Tuesday, January 15, 2013

Brooklyn Expression

My cousin, Kamau Bobb posted this article on his blog from the New York Times that suggests that poor black children in Brooklyn face a 32 million word deficit by the time they are 4 years old. We have to do better as a community.

Brooklyn Expression

A recent article in the New York Times, Before a Test, A Poverty of Words, suggested that poor black children in Brooklyn face a 32 million word deficit by the time they are 4 years old.  They have been exposed to, heard, used, read, expressed, 32 million words less than their more middle class counterparts in their first 1,500 days.  That is a deficit of nearly 20,000 words per day.  What does that mean, to have thousands of young people who can't express themselves?

The article went on to offer grim statistics for black students and their academic futures. At Stuyvesant High School, the premier public high school in New York City, only 19 black students were admitted into the freshman class of 967 students this fall.  In New York City, where there are approximately 3.5 million black people, only nineteen black fourteen year olds qualified to get into the city's top school.  The implications of that are staggering. Unfortunately, it is not surprising. Also in New York, only 28 percent of black boys even graduate from high school.  That is not to mention that only 10 percent of all black boys in the entire city are proficient in mathematics in the 8th grade.  I would venture a guess that of the 19 black freshmen admitted to Stuy, twelve or more are female.

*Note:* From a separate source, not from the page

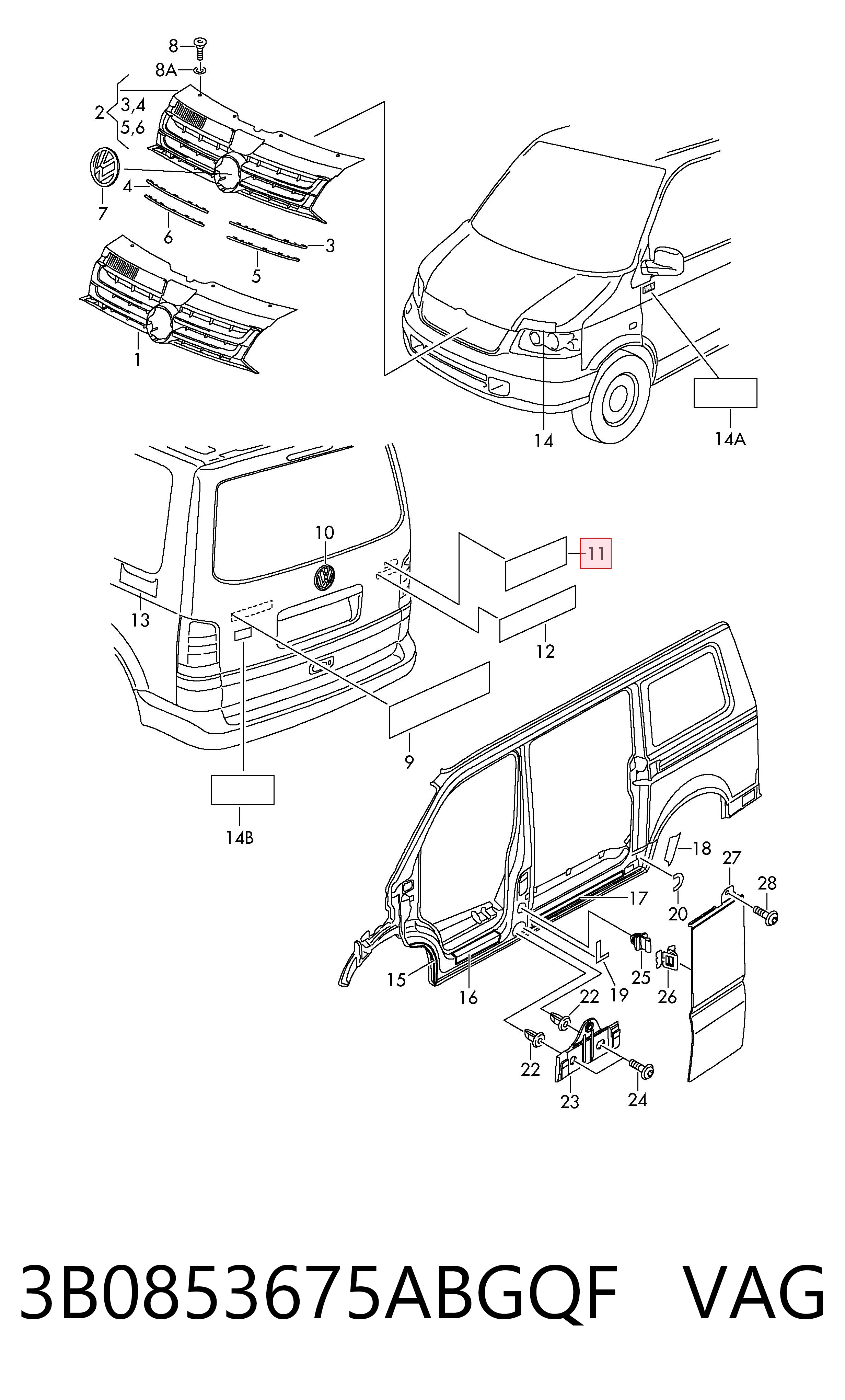3B0853675ABGQF VAG 
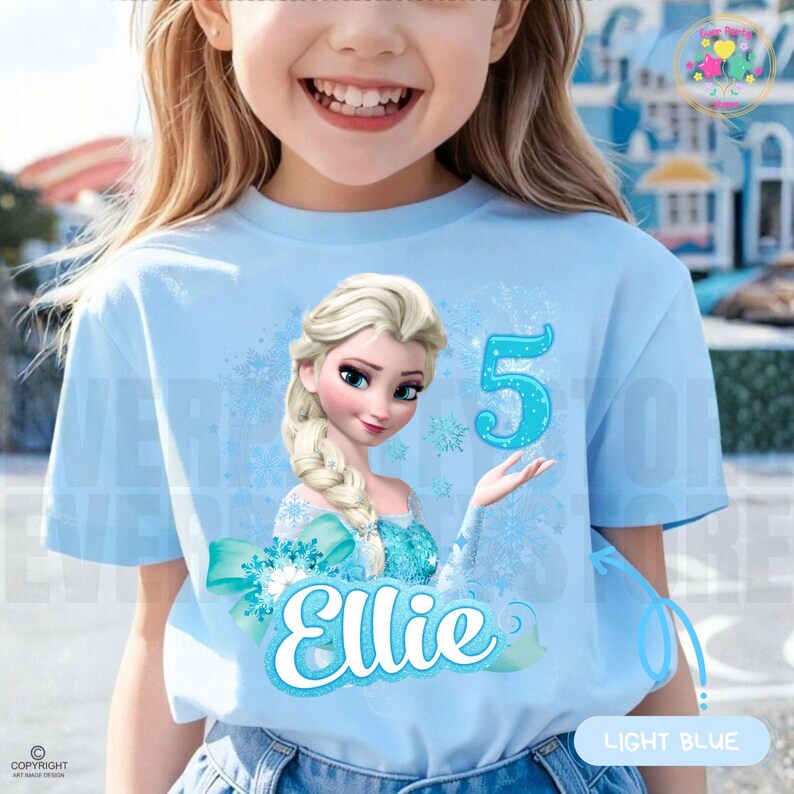 Personalized Princess Birthday Raglan Shirt, Family Matching IG86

But what of these young people's inability to express themselves?  Language is our partner for living.  It is the vehicle by which we give life to our interpretations of the world.  The words we use and the manner in which we use them is an essential part of our identities as individuals. For young people not to have access to the words of their native language is an imprisonment. They are forced to experience life without a critical partner that is a portal to meaning and nuance. Language is necessary for them to be able to build friendships and deep relationships - to ask the questions they really want answers to in class. In the school space, students' inability to express their sense of isolation, their frustration with their circumstances, the humiliation of not being able to fully comprehend the words in transit about them, is an abuse.

The focus of national education has turned to STEM fields - Science, Technology, Engineering and Mathematics.  The country, as most states, has determined that without STEM education, the future of the United States as we know it is doomed.  Perhaps, but if we don't arm these children in Brooklyn and elsewhere with language, the meaning of the United States will be lost anyway.  No one will be able to express it.